- Born: 1758, in Mexico City
- Died: January 6, 1851
- Spouse: María Gertrudiz Mestas

= Cristóval María Larrañaga =

Physician in new Mexico(1758–1851)

Cristóval María Larrañaga (1758–1851) was one of the first trained medical doctors in New Mexico. He served in the Spanish military and engineered a successful vaccination program against smallpox in 1804 and 1805.

==Biography==
Born in Mexico City, Larrañaga, a criollo, immigrated through to Northern New Mexico. He married María Gertrudiz Mestas and had seven sons and two daughters.

In 1804, Larrañaga received a shipment of cowpox scabs from Mexico City and travelled north to Chihuahua City with children to pass the smallpox vaccine from person to person. He continued his travels up north along the Camino Real to Taos. His logs show he vaccinated 3,610 people. Larrañaga is credited with saving a generation. The children who traveled from Ciudad Chihuahua to Santa Fé with Larrañaga were children of soldiers, and were also labeled as heroes. New Mexico had been struggling against smallpox since the early 1780s; a 1781 outbreak had killed 5,000 people, which is thought to have been more than a quarter of the population in New Mexico.
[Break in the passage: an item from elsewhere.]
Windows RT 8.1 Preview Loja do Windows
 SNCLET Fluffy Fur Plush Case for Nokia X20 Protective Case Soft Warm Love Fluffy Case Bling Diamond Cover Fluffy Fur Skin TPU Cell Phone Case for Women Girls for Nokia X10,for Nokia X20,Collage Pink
In Origins of New Mexico Families, Fray Angélico Chávez states extant orders given to Larrañaga to vaccinate the area until 1809. He also cites Larrañaga as a notary for the state. In 1809, Larrañaga was vaccinating again after running out of antigen. In 1810, he is recorded as vaccinating 124 children up to age six.

By the end of that year, he exhausted himself by providing serum to so many. In Saints & Seasons: A Guide to New Mexico's Most Popular Saints, the authors state that "[i]n the annals of New Mexico medicine, Cristóval Larrañaga is both a pioneer and a hero."

Historian Marc Simmons states that "Dr. Larrañaga deserves a biographer". He practiced in New Mexico from 1775 to 1811.

Larrañaga was the only accredited and trained physician in the territory. The pioneer was responsible for caring for more than forty thousand people. In Tocante a monumentos de españoles, author Jerry Padilla says that Larrañaga should be honored for his efforts of vaccinating so many.

On page 106 of Land Claims in New Mexico, Congressional Edition, Volume 967, Larrañaga signs as secretary of the Corporation (Capital) of Santa Fé. This was a promotion due to the notaries he facilitated. Larrañaga is mentioned as deserving a promotion due to his extensive knowledge of medicine.

David H. Salazar provided the first genealogical research on the Larrañaga family.

Descendants of Larrañaga served as doctors, in the military, and as notaries. Larry Larrañaga, a New Mexico State Representative, is a descendant of Cristóval María Larrañaga.

Larrañaga's work with the smallpox vaccine in New Mexico was the basis for a children's book, Amadito and the Hero Children.